Above: Kelli Wood in the exhibit (Photography by Michael Kenney); Below: Book of Hours, detail (France, ca. 1500-10), and Antonio de Raho (fl. 1482), In Rubricas Soluto Matrimonio (Images courtesy of Special Collections Research Center, University of Chicago Library).

Marginal mayhem

The edges of manuscripts—and academic life—inspire a student-curated show.

The late art historian Michael Camille delighted in naughty nuns and gaping gargoyles—figures created on the margins of medieval art and architecture by artists “playing” at subversion. Camille took most of the examples in his influential book Image on the Edge (1992) from European sites and archives.

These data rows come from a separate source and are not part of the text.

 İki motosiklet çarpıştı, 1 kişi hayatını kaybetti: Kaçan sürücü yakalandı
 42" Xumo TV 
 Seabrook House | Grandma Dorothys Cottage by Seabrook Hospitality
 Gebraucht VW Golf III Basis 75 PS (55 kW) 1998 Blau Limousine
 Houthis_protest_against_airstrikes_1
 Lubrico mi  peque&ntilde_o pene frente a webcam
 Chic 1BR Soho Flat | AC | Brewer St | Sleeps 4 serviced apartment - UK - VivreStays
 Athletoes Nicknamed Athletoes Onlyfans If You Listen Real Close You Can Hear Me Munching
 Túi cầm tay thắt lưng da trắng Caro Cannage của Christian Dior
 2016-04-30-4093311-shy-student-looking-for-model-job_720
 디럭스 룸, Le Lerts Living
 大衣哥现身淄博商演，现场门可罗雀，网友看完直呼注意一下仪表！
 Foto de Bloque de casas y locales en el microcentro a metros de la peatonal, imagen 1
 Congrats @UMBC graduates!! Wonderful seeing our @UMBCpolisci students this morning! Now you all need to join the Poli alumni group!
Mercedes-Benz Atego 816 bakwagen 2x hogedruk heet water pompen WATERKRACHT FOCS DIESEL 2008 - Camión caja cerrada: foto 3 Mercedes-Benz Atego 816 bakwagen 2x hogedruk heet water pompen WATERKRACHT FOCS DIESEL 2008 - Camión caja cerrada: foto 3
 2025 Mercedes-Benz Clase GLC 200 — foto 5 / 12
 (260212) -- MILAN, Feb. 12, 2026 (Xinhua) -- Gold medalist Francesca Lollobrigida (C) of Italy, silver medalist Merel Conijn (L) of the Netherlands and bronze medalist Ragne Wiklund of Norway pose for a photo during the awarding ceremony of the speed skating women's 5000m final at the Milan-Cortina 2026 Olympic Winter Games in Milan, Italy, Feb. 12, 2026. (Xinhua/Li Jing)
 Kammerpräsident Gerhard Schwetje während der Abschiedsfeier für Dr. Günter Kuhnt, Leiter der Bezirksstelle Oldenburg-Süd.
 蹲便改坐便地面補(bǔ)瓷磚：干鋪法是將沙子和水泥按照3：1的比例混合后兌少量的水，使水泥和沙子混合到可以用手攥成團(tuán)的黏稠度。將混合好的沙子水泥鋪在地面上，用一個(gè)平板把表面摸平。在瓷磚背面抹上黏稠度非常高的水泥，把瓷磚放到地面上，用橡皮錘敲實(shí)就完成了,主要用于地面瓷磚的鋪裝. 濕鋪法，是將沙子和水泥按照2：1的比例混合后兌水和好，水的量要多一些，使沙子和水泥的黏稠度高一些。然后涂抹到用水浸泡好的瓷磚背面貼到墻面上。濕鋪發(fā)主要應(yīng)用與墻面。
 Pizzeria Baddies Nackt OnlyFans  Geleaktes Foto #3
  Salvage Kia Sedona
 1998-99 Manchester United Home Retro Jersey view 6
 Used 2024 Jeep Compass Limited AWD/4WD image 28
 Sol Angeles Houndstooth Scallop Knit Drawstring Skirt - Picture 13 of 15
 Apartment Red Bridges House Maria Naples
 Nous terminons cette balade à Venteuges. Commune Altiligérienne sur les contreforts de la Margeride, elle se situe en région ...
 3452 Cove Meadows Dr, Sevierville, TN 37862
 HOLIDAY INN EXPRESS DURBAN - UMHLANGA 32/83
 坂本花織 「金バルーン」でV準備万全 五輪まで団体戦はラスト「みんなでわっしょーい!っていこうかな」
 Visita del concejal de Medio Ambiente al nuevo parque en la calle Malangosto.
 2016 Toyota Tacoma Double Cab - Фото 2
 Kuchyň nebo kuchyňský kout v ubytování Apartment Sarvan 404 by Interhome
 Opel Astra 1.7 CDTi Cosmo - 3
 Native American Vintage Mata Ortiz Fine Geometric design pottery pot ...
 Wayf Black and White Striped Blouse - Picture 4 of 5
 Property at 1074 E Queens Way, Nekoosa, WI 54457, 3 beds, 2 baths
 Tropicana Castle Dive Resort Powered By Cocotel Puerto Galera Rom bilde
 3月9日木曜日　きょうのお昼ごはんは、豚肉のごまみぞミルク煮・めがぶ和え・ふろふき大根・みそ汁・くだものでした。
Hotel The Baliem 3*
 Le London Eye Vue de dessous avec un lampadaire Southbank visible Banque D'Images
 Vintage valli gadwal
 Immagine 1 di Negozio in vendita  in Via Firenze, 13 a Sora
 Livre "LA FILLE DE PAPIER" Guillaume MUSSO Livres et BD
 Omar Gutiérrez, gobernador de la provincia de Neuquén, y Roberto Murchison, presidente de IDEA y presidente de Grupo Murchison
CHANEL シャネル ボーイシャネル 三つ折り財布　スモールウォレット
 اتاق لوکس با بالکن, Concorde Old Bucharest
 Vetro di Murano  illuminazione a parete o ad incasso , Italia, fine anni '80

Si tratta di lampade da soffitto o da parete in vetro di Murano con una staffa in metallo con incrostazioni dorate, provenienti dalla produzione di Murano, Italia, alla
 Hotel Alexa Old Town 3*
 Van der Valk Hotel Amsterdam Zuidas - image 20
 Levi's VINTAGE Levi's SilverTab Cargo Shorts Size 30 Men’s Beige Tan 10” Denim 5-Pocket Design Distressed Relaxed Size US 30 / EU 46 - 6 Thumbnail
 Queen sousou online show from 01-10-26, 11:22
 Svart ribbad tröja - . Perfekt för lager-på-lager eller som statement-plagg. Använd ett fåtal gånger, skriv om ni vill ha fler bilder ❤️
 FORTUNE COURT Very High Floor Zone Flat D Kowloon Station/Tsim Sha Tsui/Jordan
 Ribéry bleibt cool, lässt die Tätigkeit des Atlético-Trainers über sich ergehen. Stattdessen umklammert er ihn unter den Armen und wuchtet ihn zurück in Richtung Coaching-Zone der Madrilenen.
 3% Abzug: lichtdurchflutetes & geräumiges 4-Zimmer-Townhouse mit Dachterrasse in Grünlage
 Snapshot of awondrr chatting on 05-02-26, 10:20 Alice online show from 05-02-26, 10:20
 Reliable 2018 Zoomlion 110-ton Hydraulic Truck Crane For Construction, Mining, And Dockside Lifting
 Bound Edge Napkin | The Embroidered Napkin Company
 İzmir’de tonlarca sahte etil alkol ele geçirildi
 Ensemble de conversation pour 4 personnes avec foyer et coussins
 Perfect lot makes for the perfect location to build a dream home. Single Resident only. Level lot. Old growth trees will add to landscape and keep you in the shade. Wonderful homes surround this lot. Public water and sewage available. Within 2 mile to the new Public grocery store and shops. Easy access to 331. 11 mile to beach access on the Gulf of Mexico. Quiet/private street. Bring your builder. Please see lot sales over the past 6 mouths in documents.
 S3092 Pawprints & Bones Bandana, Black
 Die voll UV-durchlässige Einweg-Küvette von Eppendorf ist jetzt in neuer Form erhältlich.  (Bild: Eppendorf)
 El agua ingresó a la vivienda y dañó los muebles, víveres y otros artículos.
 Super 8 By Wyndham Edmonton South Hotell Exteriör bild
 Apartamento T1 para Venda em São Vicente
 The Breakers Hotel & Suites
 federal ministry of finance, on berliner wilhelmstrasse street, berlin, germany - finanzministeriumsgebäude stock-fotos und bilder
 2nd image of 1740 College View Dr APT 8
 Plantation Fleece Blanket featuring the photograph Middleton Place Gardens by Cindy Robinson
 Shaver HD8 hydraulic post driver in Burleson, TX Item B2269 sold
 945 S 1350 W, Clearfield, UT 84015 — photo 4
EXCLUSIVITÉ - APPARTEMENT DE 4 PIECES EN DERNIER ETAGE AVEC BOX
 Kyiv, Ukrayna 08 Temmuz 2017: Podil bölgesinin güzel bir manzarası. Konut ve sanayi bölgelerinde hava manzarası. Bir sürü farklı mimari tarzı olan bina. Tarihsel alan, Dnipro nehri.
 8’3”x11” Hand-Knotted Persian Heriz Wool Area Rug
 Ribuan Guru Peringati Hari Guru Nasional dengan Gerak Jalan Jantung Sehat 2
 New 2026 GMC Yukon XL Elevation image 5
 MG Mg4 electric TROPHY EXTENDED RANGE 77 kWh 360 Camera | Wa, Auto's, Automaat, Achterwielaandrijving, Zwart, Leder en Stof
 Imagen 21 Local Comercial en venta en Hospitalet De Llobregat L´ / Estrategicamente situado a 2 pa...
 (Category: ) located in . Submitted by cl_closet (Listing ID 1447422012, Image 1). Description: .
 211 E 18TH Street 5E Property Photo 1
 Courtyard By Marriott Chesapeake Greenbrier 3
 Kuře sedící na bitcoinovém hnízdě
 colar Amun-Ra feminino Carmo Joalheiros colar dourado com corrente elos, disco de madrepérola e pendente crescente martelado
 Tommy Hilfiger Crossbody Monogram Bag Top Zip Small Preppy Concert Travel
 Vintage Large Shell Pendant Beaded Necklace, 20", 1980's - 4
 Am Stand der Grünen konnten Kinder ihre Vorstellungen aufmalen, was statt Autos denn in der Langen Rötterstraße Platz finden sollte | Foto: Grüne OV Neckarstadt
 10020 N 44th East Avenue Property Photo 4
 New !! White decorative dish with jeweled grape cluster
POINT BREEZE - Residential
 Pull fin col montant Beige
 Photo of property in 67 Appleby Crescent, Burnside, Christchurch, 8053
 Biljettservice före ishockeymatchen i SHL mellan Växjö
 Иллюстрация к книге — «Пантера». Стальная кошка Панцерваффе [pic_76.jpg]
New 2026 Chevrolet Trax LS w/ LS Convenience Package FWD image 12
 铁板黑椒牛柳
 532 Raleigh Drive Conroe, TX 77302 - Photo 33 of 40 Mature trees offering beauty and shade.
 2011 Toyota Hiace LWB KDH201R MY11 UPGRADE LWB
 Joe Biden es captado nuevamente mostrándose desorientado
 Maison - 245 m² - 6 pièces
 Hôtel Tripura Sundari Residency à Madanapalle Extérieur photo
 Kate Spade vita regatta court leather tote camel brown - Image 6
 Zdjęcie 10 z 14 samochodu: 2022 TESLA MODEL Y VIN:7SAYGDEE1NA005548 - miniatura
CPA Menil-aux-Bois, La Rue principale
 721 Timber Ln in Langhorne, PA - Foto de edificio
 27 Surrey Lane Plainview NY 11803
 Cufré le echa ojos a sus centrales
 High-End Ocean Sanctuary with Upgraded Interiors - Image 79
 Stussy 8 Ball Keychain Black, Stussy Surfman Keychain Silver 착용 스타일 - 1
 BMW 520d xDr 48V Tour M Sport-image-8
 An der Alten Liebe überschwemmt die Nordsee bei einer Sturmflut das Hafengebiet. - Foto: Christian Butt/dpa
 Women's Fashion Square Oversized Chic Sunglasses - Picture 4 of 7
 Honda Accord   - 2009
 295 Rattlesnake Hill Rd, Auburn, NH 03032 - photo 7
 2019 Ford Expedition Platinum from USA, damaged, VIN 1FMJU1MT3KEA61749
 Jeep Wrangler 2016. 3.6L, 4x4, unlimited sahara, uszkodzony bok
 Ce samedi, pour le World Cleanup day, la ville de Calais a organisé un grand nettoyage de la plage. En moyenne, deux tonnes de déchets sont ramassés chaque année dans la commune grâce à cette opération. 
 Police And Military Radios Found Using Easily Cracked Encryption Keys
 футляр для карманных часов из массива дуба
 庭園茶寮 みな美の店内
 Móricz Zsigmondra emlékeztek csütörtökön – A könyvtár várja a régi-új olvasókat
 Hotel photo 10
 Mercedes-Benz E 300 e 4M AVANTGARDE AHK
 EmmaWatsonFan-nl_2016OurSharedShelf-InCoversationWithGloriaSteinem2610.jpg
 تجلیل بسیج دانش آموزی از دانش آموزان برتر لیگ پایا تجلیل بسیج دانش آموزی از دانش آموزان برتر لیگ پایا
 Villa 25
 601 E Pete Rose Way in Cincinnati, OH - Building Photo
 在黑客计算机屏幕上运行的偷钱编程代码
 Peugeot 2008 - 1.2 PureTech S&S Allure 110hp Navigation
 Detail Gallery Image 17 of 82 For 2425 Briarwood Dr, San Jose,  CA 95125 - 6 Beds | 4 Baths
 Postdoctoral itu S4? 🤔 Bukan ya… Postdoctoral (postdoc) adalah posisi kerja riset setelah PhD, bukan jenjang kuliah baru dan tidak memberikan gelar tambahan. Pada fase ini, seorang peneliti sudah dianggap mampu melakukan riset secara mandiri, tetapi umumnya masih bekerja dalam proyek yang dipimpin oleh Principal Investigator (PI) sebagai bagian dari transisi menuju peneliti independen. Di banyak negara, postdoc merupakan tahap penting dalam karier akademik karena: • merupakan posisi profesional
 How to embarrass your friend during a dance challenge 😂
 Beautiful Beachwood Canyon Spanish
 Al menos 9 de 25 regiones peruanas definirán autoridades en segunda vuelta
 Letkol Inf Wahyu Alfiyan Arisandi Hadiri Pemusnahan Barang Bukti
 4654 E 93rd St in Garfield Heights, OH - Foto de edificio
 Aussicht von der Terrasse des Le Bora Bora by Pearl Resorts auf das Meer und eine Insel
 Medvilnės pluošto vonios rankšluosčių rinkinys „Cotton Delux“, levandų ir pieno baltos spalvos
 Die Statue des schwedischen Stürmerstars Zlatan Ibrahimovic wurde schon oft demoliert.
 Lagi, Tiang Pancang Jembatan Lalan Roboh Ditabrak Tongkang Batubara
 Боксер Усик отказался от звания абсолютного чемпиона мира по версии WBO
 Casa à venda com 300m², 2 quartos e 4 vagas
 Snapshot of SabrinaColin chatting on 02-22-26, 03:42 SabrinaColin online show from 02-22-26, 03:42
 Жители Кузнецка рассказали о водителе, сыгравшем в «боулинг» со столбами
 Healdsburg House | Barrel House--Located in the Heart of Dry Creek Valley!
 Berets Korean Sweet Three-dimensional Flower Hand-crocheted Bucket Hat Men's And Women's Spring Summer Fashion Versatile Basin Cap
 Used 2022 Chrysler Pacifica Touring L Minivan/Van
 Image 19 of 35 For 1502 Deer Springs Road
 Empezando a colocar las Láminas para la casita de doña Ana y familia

Inspired by Camille’s scholarship, art-history doctoral student Kelli Wood, AM’10, began looking for marginalia closer to home. She discovered enough material in the Special Collections Research Center to curate an exhibition, On the Edge: The Medieval Margins and Margins of Academic Life.

On view until August 10, the exhibit matches medieval manuscripts with contemporary photos of UChicago’s edgier traditions—Scav Hunt, zombie tag—to show how the margins have enriched the center from the Middle Ages to modern times.

One striking example comes from an early 16th-century Book of Hours in which the Virgin Mary, draped in regal robes, holds the crucified body of Christ. Perched on the edge of the page, a monkey dons a headdress similar to the one worn by the mother of God.

After discussing the image, Wood and the other students who worked on the exhibition decided that the ape’s downcast eyes and headgear were meant to mock the book’s reader rather than Christ’s mother: “Like the monkey, the book owner is a fallible creature with animal desires,” they argue in an exhibit label.

One of Wood’s favorite manuscripts—because “it’s a little risqué, which I think Camille would have liked”—is a lecture book by Antonio de Raho, a 15th-century legal scholar. Someone, perhaps de Raho's student, borrowed the volume and penned a salacious poem in the lower margin.

Wood says she’d rather not translate the ribald Latin verse deriding the professor and his sexual proclivities. In the exhibit, she paired it with a photo from UChicago’s Latke-Hamantash debate, another example of “not taking the center of the academy so seriously.”

Wood’s dissertation research explores the space of play in Renaissance Italy, looking at visual art created for game boards and ephemeral architecture made for sports and spectacles. “The idea of playfulness as something to be explored in art,” she says, “is something that Camille inspired in me.”